Quelques lignes de l’historien Augustin Thierry citées par Jules Michelet dans son Histoire de France laissent entendre que ces professions étaient aussi une caractéristique des Burgondes :
Il paraît que cette bonhomie qui est l’un des caractères actuels de la race germanique, se montra de bonne heure chez ce peuple. Avant leur entrée dans l’empire, ils étaient presque tous gens de métier, ouvriers en charpente ou en menuiserie. Ils gagnaient leur vie à ce travail dans les intervalles de paix, et étaient ainsi étrangers à ce double orgueil du guerrier et du propriétaire oisif qui nourrissait l’insolence des autres conquérants barbares…

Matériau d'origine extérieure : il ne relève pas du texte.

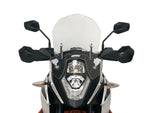 WRS Windscreen For KTM Adventure 1050 ABS 2015-2016 35.5 cm (14") - Clear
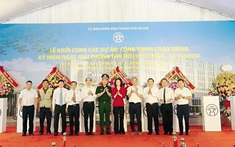 Khởi công Bệnh viện Thận cơ sở 2 gần 750 tỷ đồng tại Hà Nội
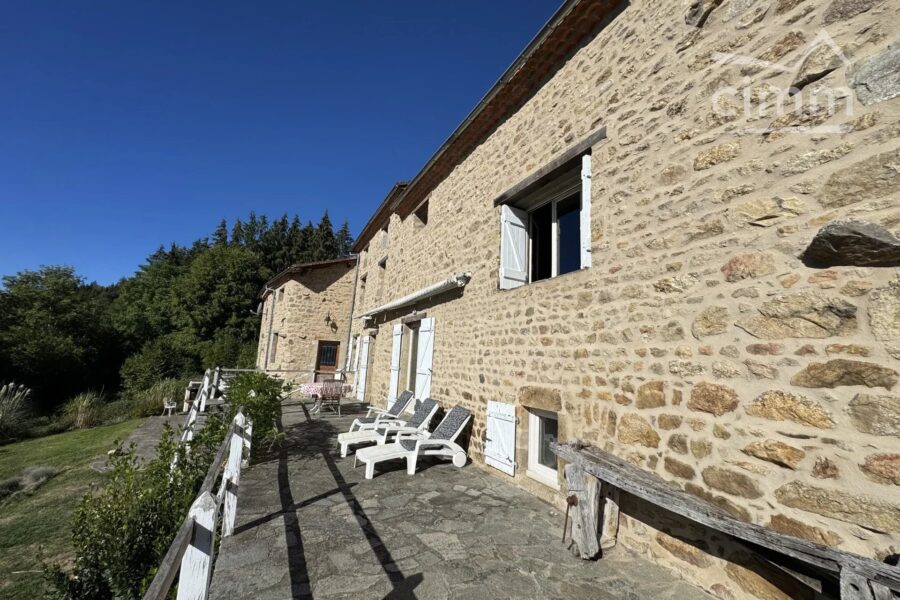 Maison à vendre à La Chapelle-Agnon — Vue montagne — photo 50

Faut-il y voir un élément indiquant que les Burgondes rejoignirent les rangs des cagots et qu’ils y apportèrent leur savoir-faire ? C’est probable, car comme les Wisigoths, ils avaient eux aussi en leur temps épousés la cause de l’arianisme et on ne voit pas pourquoi leurs descendants auraient échappés à cet ostracisme.
Même dans le cas où tous les cagots n’exerçaient pas la profession de charpentier ou de menuisier, on peut par contre en déduire que la population non cagote ne souhaitait sûrement pas exercer ces professions de peur de passer pour un membre de cette communauté. Ceci implique donc que la corporation des charpentiers et celle des menuisiers devaient forcément regrouper une majorité de cagots. On peut donc affirmer qu’ils participèrent inévitablement à la construction de bâtiments tels que les églises et qu’ils furent inévitablement présents sur les chantiers des cathédrales.
Il n’est donc pas si aberrant d’imaginer que les cagots, descendants des Goths, aient participé en tant que compagnons au développement de l’architecture gothique, également connu sous le nom d’art français. La présence de nombreux d’entre eux au sein des divers corps de métiers de la construction pourrait ainsi expliquer pourquoi on retrouve la reine Pédauque au fronton de certains bâtiments religieux.